1位:フランス(8445万人)2位:米国(7251万人)3位:スペイン(6821万人)4位:中国(5688万人)5位:イタリア(5073万人)6位:トルコ(3947万人)7位:ドイツ(3497万人)8位:英国(3443万人)9位:メキシコ(3209万人)10位:ロシア(3134万人)
このリストを見ればわかるように、米国、中国、ドイツ、英国、フランス、ロシアなど世界の主要国はすべて上位10か国にランクインしています。
上位10か国の内、観光立国と呼べるのは、物価の安さと温暖な気候と美しいビーチリゾートによってヨーロッパ各地の観光客を惹きつけるスペインと同様の理由でアメリカ人観光客を惹きつけるメキシコ、
過去の歴史遺産や文化遺産で観光客を惹きつけるイタリアとトルコの4か国だけです。
つまり、外国人観光客の多い国=国の経済を観光収入に大きく頼っている観光立国とは限らないということです。

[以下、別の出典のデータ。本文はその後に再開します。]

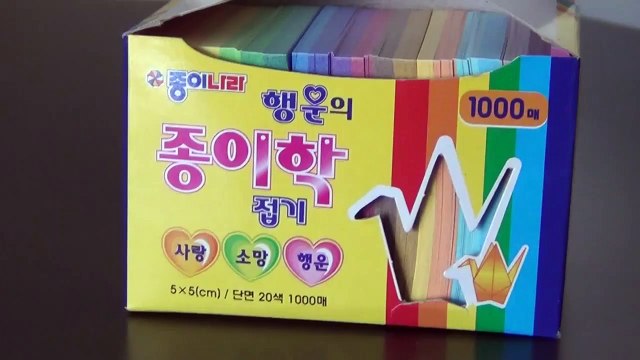 Origami Crane (Folding Instructions)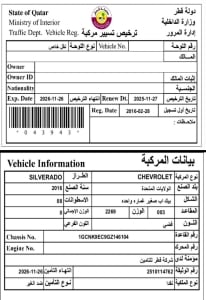 Chevrolet Silverado Model 2016, Y-15917 - 11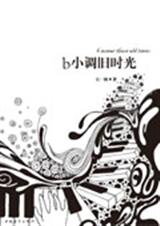 b小调旧时光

上記の表では、日本の外国人観光客数は年間1973万人で16位にランクインしていますが、これは2015年の数字で、2016年は前年比21.8パーセント増の2403万人、
2017年上半期(1月~6月)は前年比 17.4%増の1375 万人で、単純計算すると、2017年の年間観光客数は2750万人になると予想されます。
この数字を上の表にあてはめると、タイに次ぐ12位になりますが、まだ英米仏独中ロと較べると少ないし、政府が2020年の目標にしている4000万人でやっとイタリアに次ぐ6位になります。
日本の国際的競争力からみて、この程度の順位が妥当ではないかと思われますが、
これまでは日本の国力=ブランド価値からいって、日本を訪れる外国人観光客は少なすぎたのです。
上記のブログでは、日本に来る外国人観光客が増加した理由を円安のせいにしてますが、一番の要因は、中国やアセアン諸国で日本のビザの取得要件が緩和されたことです。
元々、中国やアセアン諸国では日本旅行の潜在的需要は高かったのですが、ビザの取得がむつかしく簡単に行ける国ではありませんでした。
それがビザ要件が緩和されて行きやすくなったことで、アジアからの観光客が一挙に増えたのです。
アジア諸国の人々からみて日本は憧れの国です。
日本はアジアで唯一の先進国で、東京や大阪は魅力溢れる大都会だし、地方に行けば美しい景色を見ることができ、その土地の美味しい料理や酒を味わうことができます。
客観的にいって、日本は外国人にとって旅行するのにとても面白い国だし、日本の国益の観点からいっても、多数の外国人観光客を受け入れることは大きなメリットがあると思います。
単に観光収入が増えるという狭義のメリットだけでなく、日本という国の魅力を来日観光客を通して世界にアピールすることは、日本のイメージアップにつながるのです。
2015年の12月に初めて上海に行ったとき、街並みや地下鉄の汚さ、地下鉄や空港職員の不愛想さ、ちゃんと予約して前金まで払っていったにもかかわらず、
部屋がないと言い張って宿泊を断るホテルの従業員の信じられないような無礼な態度に大きなカルチャーショックを受けました。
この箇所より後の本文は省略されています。